ABOUT THE STORY Marriage and economics have never been independent of one another. The relationship between the two in the affairs of men and women is memorably dramatised in this story by Narendranath Mitra, one of Bengal’s greatest short-story writers. And the narrative time of the story and the arc of the romances within it are marked, too, by the cycle of the seasons in a rural economy, as seen through the life of the protagonist, Motalef, a tapper of palm-trees. The “ras” of Mitra’s story is not just the juice of the palm trees which give Motalef his livelihood, but also the “ras” of human passion, that longing to possess what is beautiful that maddens human beings and leads them to singe the lives of those around them. In order that he may accumulate the bride-price to marry for love, Motalef can see no other way out than to marry first for wealth; within this marriage, he enjoys a devotion and companionship that he later spurns for the lure of youth and beauty. Mitra’s story has an irresistible force and amplitude, but perhaps it is never more beautiful than in the long interlude between the two winters, or palm-tree seasons, covered by the events of the tale. Here, Motalef is seen pampering his pretty new wife and burning himself out over numerous unremunerative tasks, waiting for the next high season to come along and his labours to yield riches again through the transformation of palm-tree syrup into jaggery by his wife’s hand.
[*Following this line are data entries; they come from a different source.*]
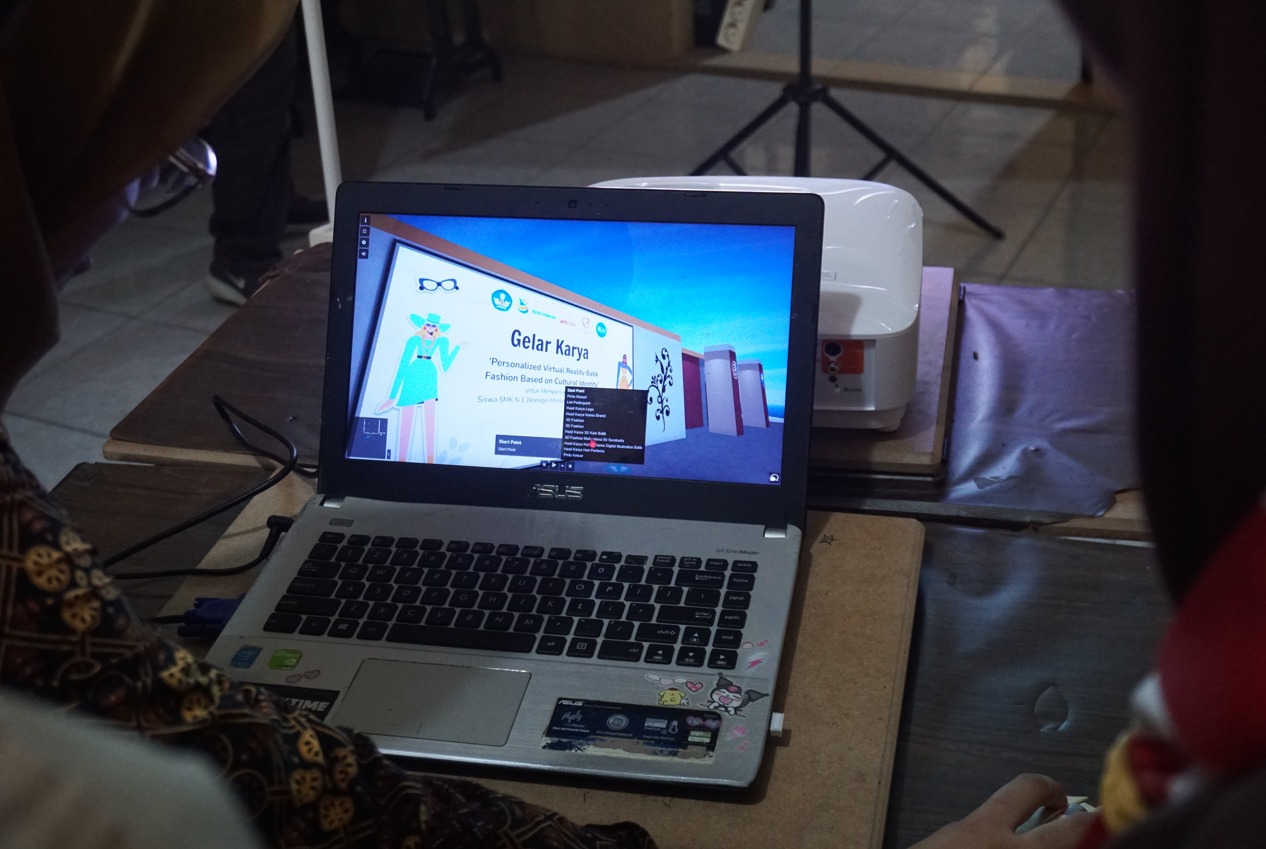 Siswa SMK N 1 Wonogiri dilatih desain batik VR oleh Dosen ISI Surakarta untuk jadi pengusaha kreatif masa depan.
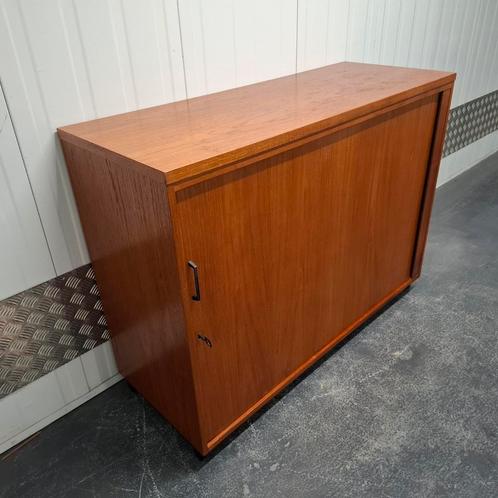 Vintage houten kast dressoir roldeurkast schoolkast, Huis en Inrichting, Kasten | Dressoirs, Gebruikt, 150 tot 200 cm, 25 tot 50 cm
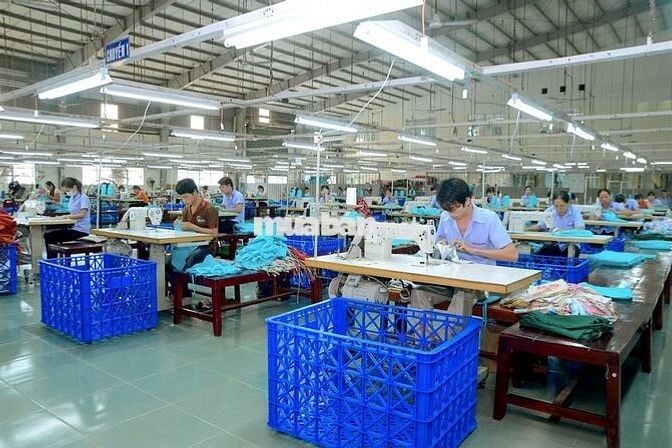 Bán kho xưởng 7.100m2, KCN Đức Hòa , Long An , có văn phòng : 1.000m2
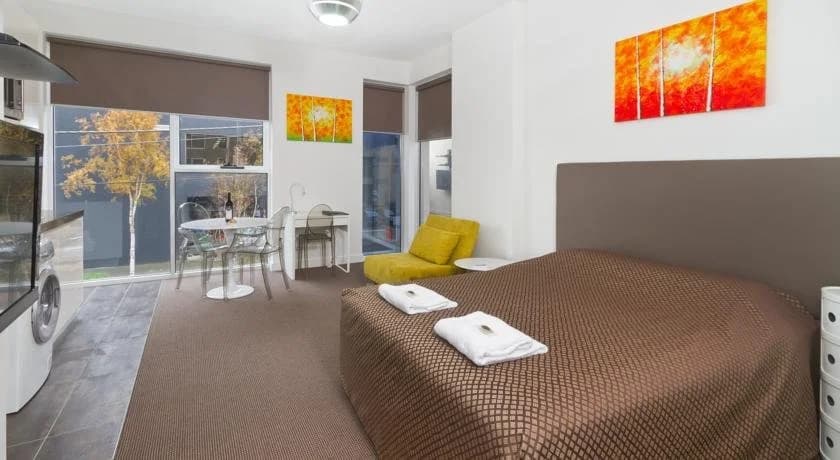 Zara Apartments - photo 2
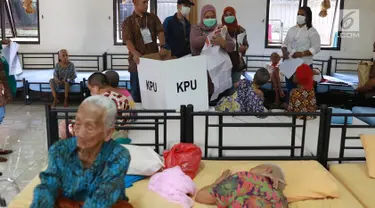 Panitia Pemungutan Suara (PPS) mendampingi lansia penghuni Panti Jompo Tresna Werdha Budi Mulia 1 yang menggunakan hak pilihnya dalam Pemilu 2019 di Cipayung, Jakarta Timur, Rabu (17/4). Pendampingan dilakukan terhadap lansia yang sedang sakit. (Liputan6.com/Immanuel Antonius)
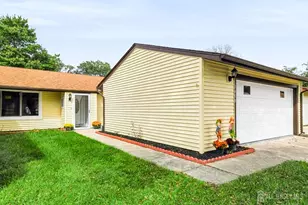 148 Maclura Plaza, Monroe Township, NJ 08831 - Photo 1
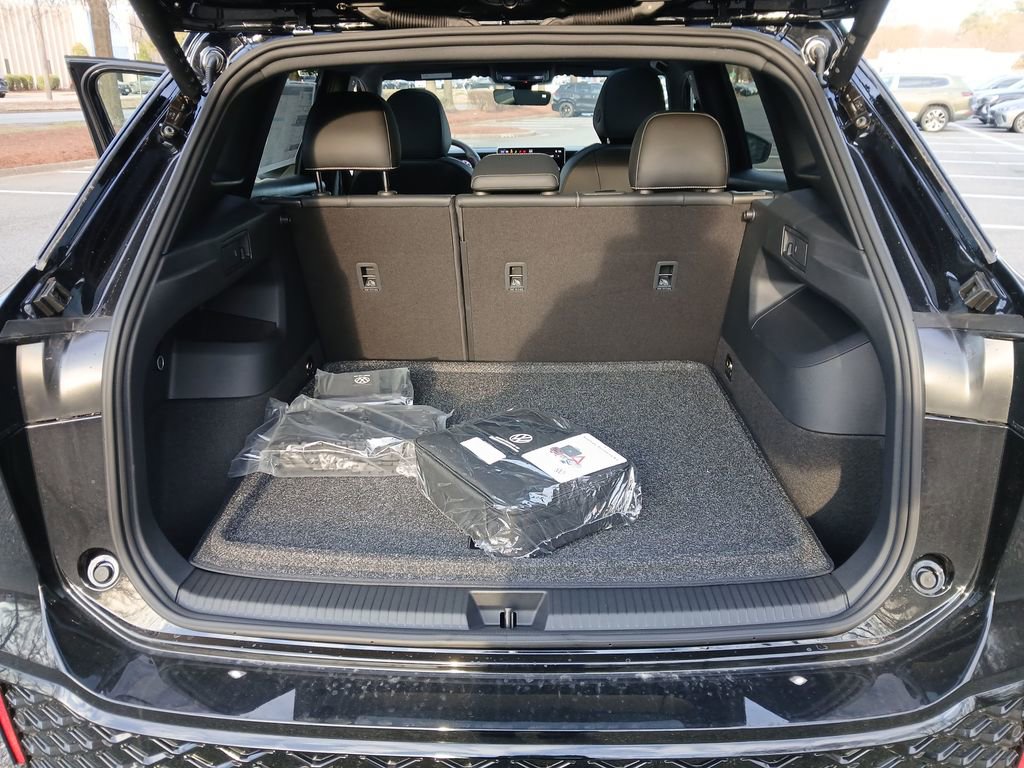 New 2026 Volkswagen Tiguan SE R-Line FWD image 22
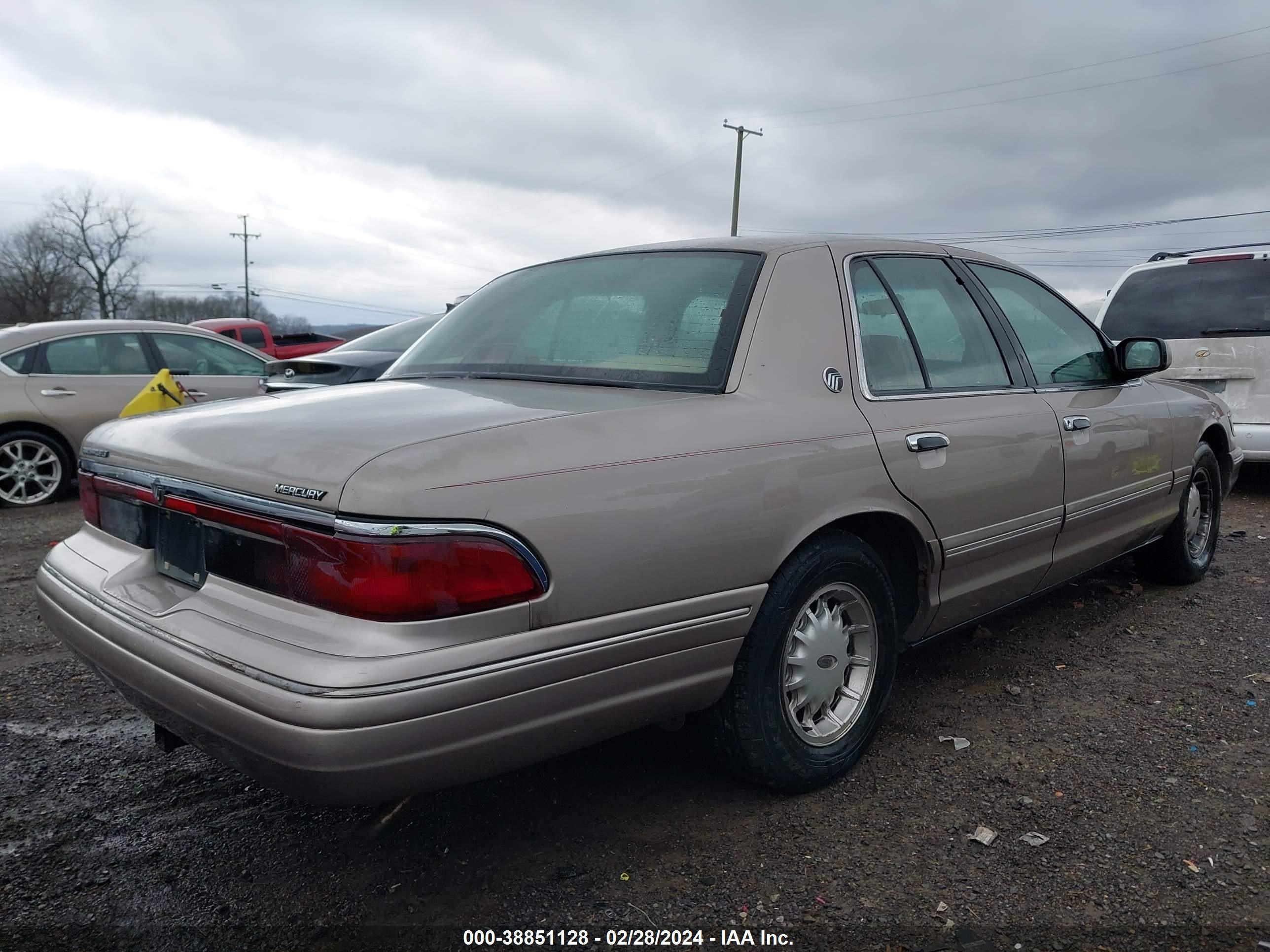 Photo 3 VIN: 2MELM75W5SX601124 - MERCURY GRAND MARQUIS 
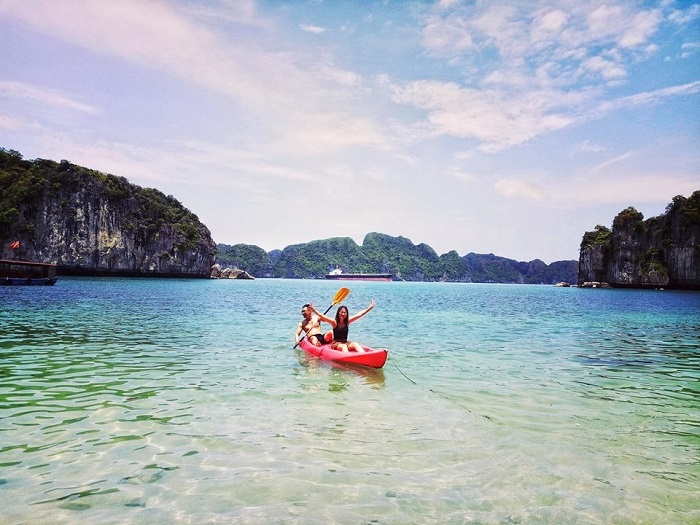Chèo thuyền Kayak trên vịnh Lan Hạ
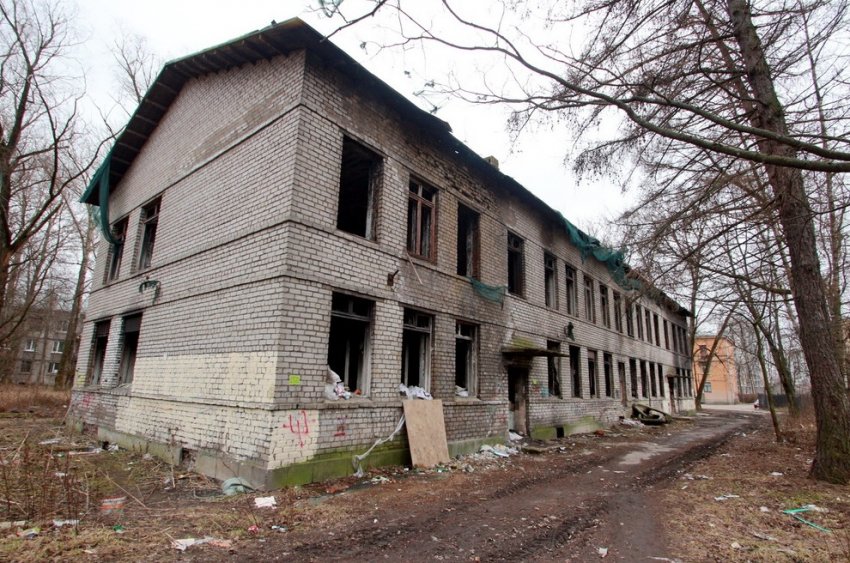 Заброшенный детсад на Октябрьской набережной заменят жилым домом - «Свежие новости строительства»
Mitra fills his story with symbols and metaphors rooted in the world that it describes; when, in the closing scenes, Motalef comes to a realisation of how he has been trumped by his own scheming, the two pots of ras he takes on a final journey stand unforgettably for his defeat as they once stood for his triumph. The world of “Ras” was memorably realised in a film by Sudhendu Roy in 1973 called Saudagar, starring Amitabh Bachchan, Nutan, and Padma Khanna. 

The story appears here in a translation by Arunava Sinha.

MOTALEF BEGAN TO TAP THE PALM TREES in the Chowdhurys’ orchard around the middle of Kartik. And before a fortnight had passed, he married his neighbour Razek Mridha’s widow Majukhatun and brought her home. Not that this was the first time for Motalef. His previous wife had died a year or so ago. But Motalef was twenty-five or twenty-six, in the prime of life. As for Majukhatun, she was nearly, if not actually, thirty. She didn’t have children to worry about, though. She had married off her only daughter to the Shaikh family at Kathikhali. But while she had no worries, she didn’t have much of her own either by way of property or riches. It wasn’t as though Razek mian had left behind chests full of gold and fields full of crops for her to get a share of. All she had got was 700 square feet or so of the family land, and a dilapidated hut. So much for her riches. And then she wasn’t exactly a nymph when it came to looks. Majukhatun had nothing but the firm body of a fiery woman with which to attract men and win their hearts.